Admittedly I’d say there were some exceptions to this rule – like Tex Perkins, The Decemberists, Those Darlins… but when interviewed they tend to reveal themselves to be ‘normal people’. Lana Del Rey, so far, has used all of her interviews to sort of perpetuate her marketing myth. And personally I have no problem with that – but the indie community seem to be seriously outraged that someone has challenged their world view that every ‘indie’ star has to be a grungy dude who played guitar for ages in his dad’s garage before gradually creeping in to public consciousness.

The fact is that this girl, who is half vintage Playboy, half American Apparel, seems to be doing much more than just putting forward a challenging physical image – her video, especially the clip for Video Games, challenges the viewer in a few different ways, which serves to intrigue and disturb viewers… and it all seems so DIY. Whether it really is DIY, I have no idea, but looking at the clip closely, it seems to have some strong ideas behind it.

The most immediately striking thing about the video – other than its Adam Curtis-esque stock footage montage and obvious nod to postmodernism and nostalgia in that respect – is Lana’s gaze.
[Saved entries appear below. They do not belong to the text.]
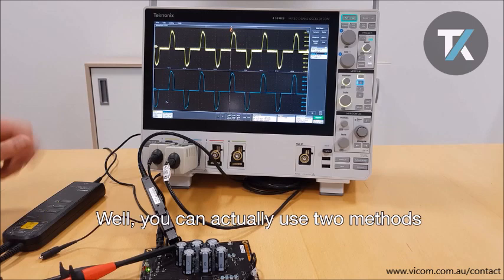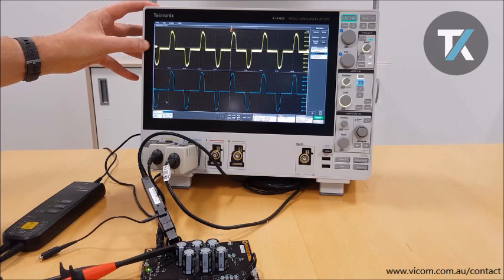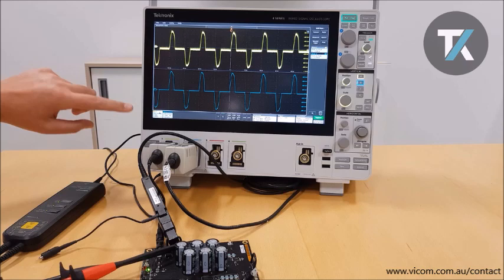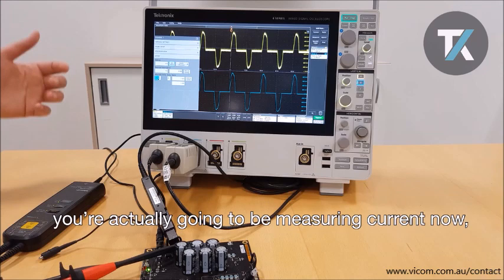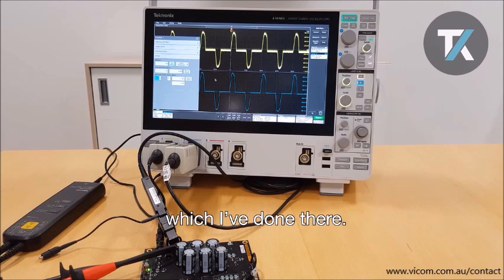Method one, via channel one, is actually measuring the voltage drop across a shunt resistor on my board here. I've changed a few of the settings from standard. Firstly, I've lowered the bandwidth to reduce any system noise. Secondly, I've told the scope you're no longer measuring voltage — you're actually going to be measuring current now, so please use amps as the unit of measurement. As you can see on my measurement badge, I've got about 1.9 amps peak to peak.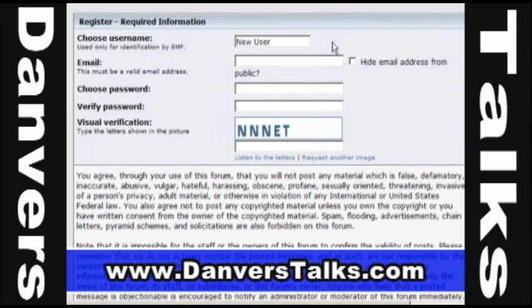The next box is for your email address, and this does need to be a valid email address. Type that into the box. To the right of the box is a little checkbox where you can either hide your email address from other users, or leave it unchecked so that other users can actually email you if they wish.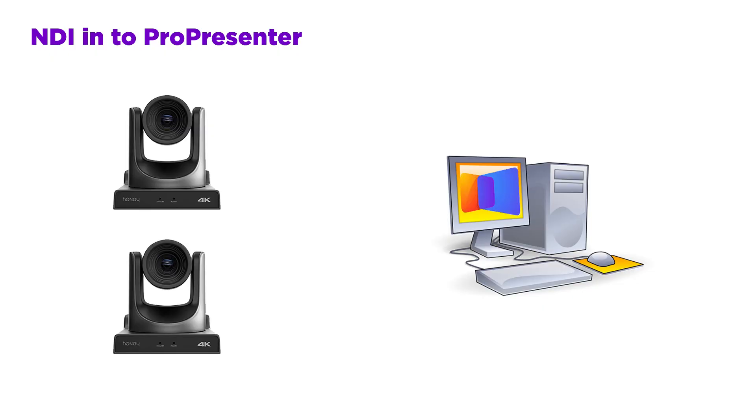And if you are using PTZ cameras, go check out the Honey Optics YouTube channel. There's going to be a lot to learn over there. The reason I want to use these cameras for this video though is because the integration of NDI into ProPresenter is just so easy. First I'm going to show you how to configure NDI on the camera. Then we'll move on to ProPresenter.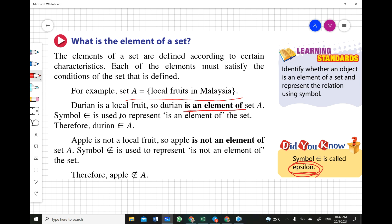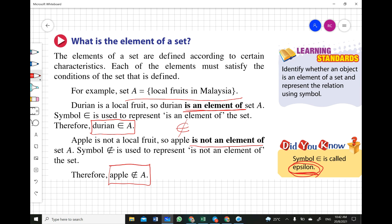Apple is not a local fruit, so apple is not an element of Set A. To write 'is not an element of,' we use the epsilon symbol with a slash through it — the slashed epsilon means 'is not an element of.' Therefore, apple is not an element of Set A. Remember: use epsilon for 'is an element of,' and slash the epsilon for 'is not an element of.'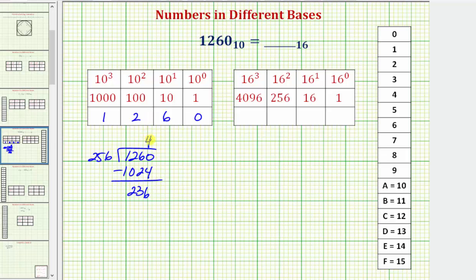So because there are four 256's in 1260, we know there's going to be a four in the 256's place value in base 16.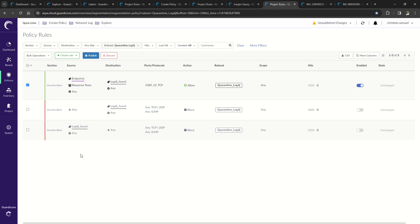The override allow rule provides the response team access to securely apply patches and return them back to service.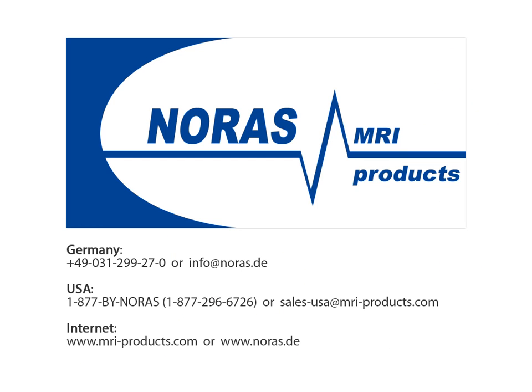I hope this presentation was helpful to you and that I was able to spark your interest in our CPC. If you have any questions or if you are interested in more detailed images and imaging sequences including animal studies, please do not hesitate to contact us.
She claims to have made the videos herself, and in doing so we can see her gazing at the computer screen rather than at the camera lens. It is, very simply, confronting – and in the strangest way, because a direct stare is usually more confronting than looking away.

But Del Rey’s gaze is certainly a sign of the times. The fact that she is watching the computer screen signifies that she is either watching herself, or, more disturbingly, that she is watching you. You look at the screen like that if you’re taking a photo or video of yourself (cf. Myspace, ‘selfie’ or even recently acronymmed as ‘GPOY‘) or if you’re having a video chat (Skype) with someone else.

And what a call it would be. David Foster Wallace explored the confronting nature of video calls in Infinite Jest – read a bit of that here. But a video call with Lana Del Rey, pouting, smiling, over-acting, batting her lashes – that would be more than one standard unit of video call. Certainly that would be closer to… phone sex? Webcam porn? Something like that? Either way, her behaviour renders the whole experience more than slightly voyeuristic – either we are peeking in on a girl taking photos of herself (which is generally accepted as being a private experience where you try to make yourself seem more attractive than you actually are) or we’re Skyping a girl who seems to be playing the role of a girl-next-door-style-pornstar. Confronting. And even more so for her obvious sense of ease.

Lana Del Rey’s father’s entire career has basically existed because of The Internet. So it doesn’t really surprise me that Del Rey’s video reflects on the nature of the net with her indirect gaze. She may not even be aware of it – most likely she’s been using the net since she was little, and this kind of thing is pretty natural for her. But I have to admit that her on-screen pouting and GPOY-style eyelid flutters really are something completely out of my comfort zone, and most likely would be the same for many others. And I think this is partly what has infuriated, delighted and intrigued people about LDL – the fact that whoever she is, fake, real, good, bad, hot, whatever – that she seems to be squaring us up and looking right into our souls.